For this exercise, please transcribe exactly and only the lines from the one containing "Death Race 4: Beyond" through the end of the material, both ends included, without pictures.

DATA SUPPLIED.
____________
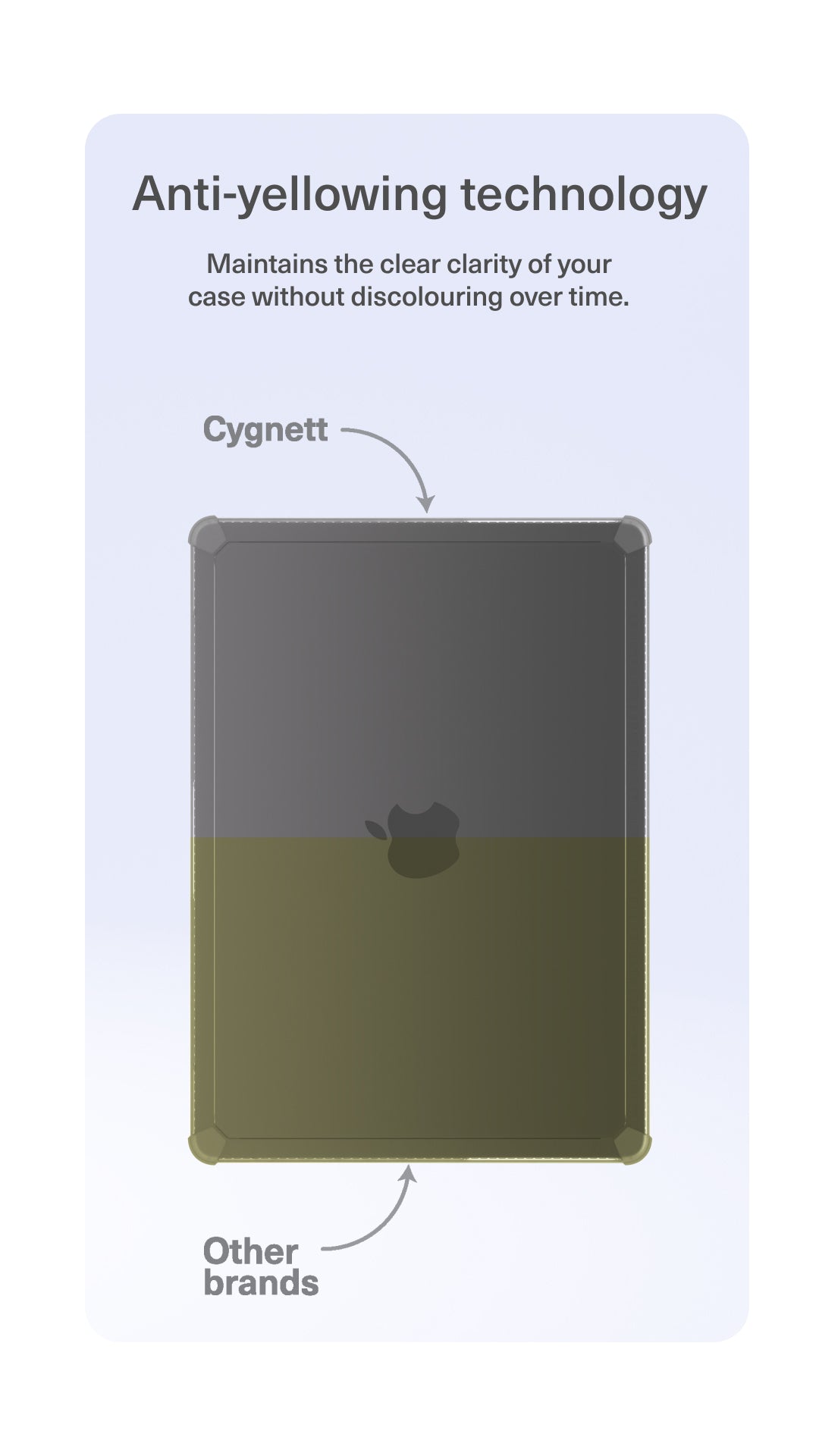 Product image - Mobile view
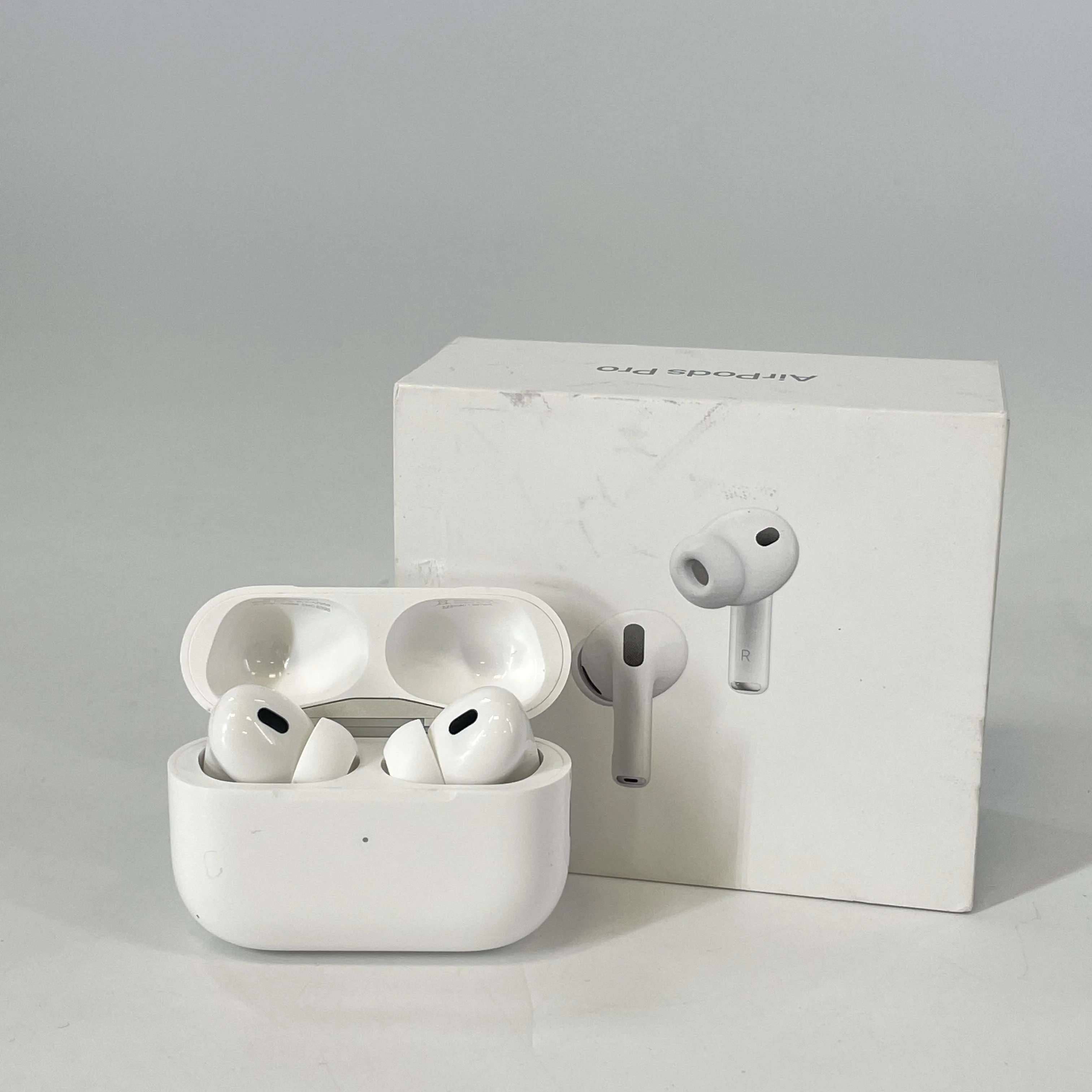 Apple AirPods Pro (2nd Gen.) USB-C White
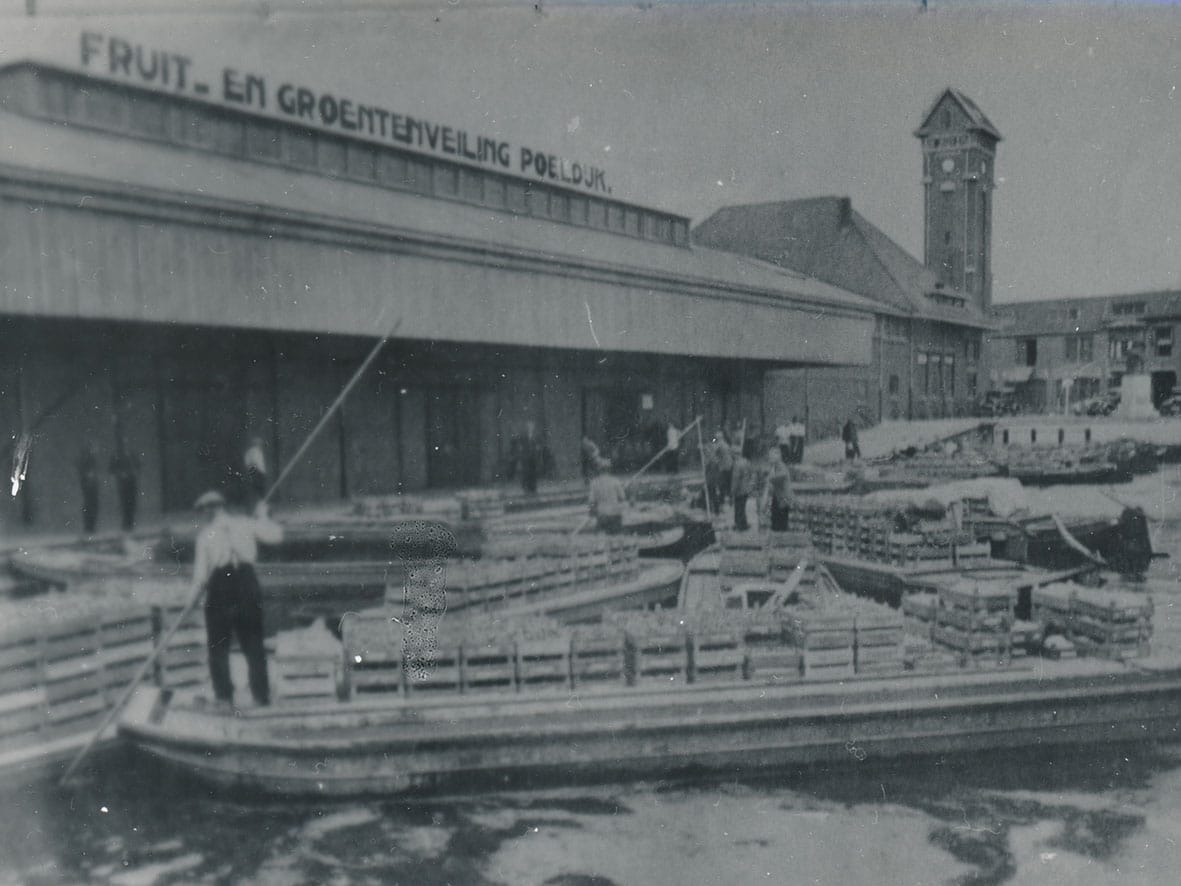 renovatie de klok Poeldijk 2205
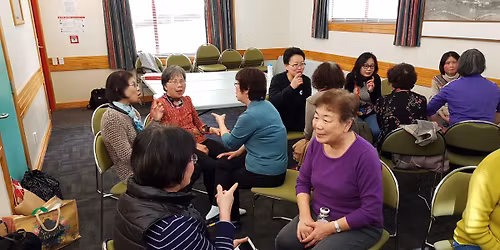 English classes in Johnsonville - Elementary level (ESOL Level 2)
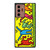 KEITH HARING ART Samsung Galaxy Note 20 Ultra Case Cover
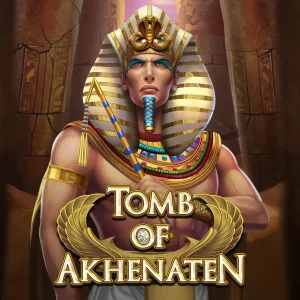 Juego Tomb of Akhenaten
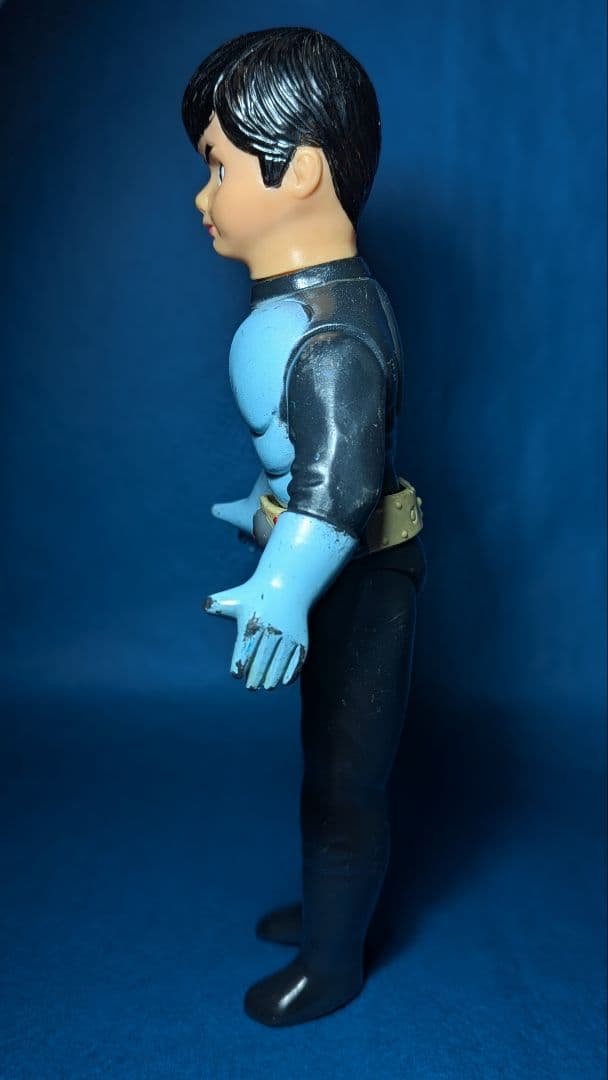 旧バンダイ　◆１号ライダー◆　仮面ライダーシリーズ　石ノ森章太郎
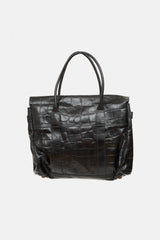 Mulberry Leather Bayswater Bag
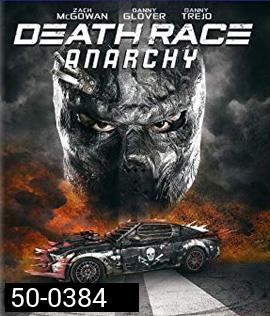 Death Race 4: Beyond Anarchy (2018) ซิ่งสั่งตาย 4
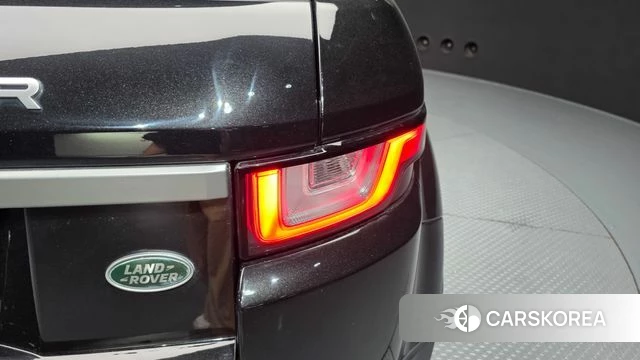 Land Rover Range Rover Evoque id 4459265 из Кореи 15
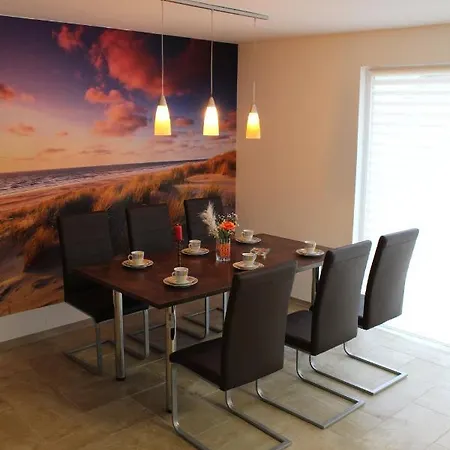 Ferienhaus „Strandhafer“-2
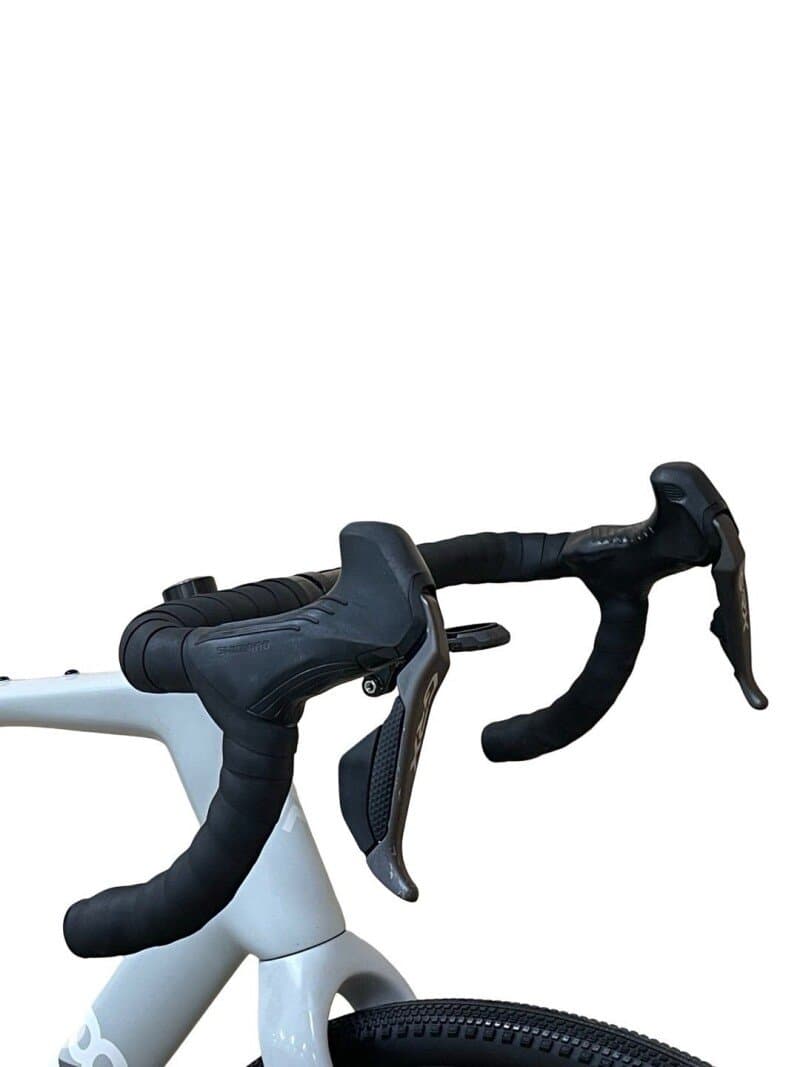 Arc8 Eero GRX Di2 Carbon Shimano 2023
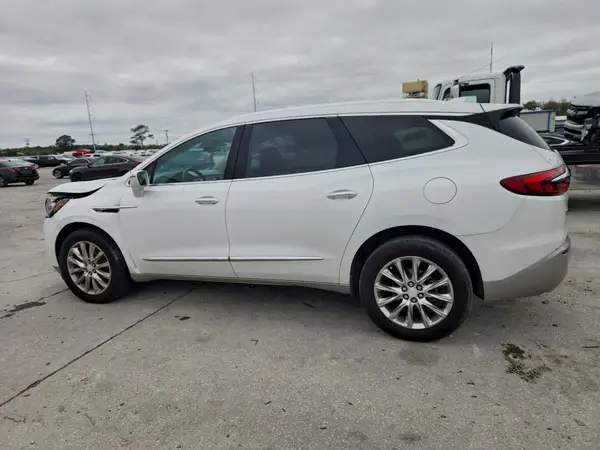 5GAERBKW5KJ195522 2019 BUICK ENCLAVE - Image 2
____________
WRITTEN ANSWER.
 Death Race 4: Beyond Anarchy (2018) ซิ่งสั่งตาย 4
 Land Rover Range Rover Evoque id 4459265 из Кореи 15
 Ferienhaus „Strandhafer“-2
 Arc8 Eero GRX Di2 Carbon Shimano 2023
 5GAERBKW5KJ195522 2019 BUICK ENCLAVE - Image 2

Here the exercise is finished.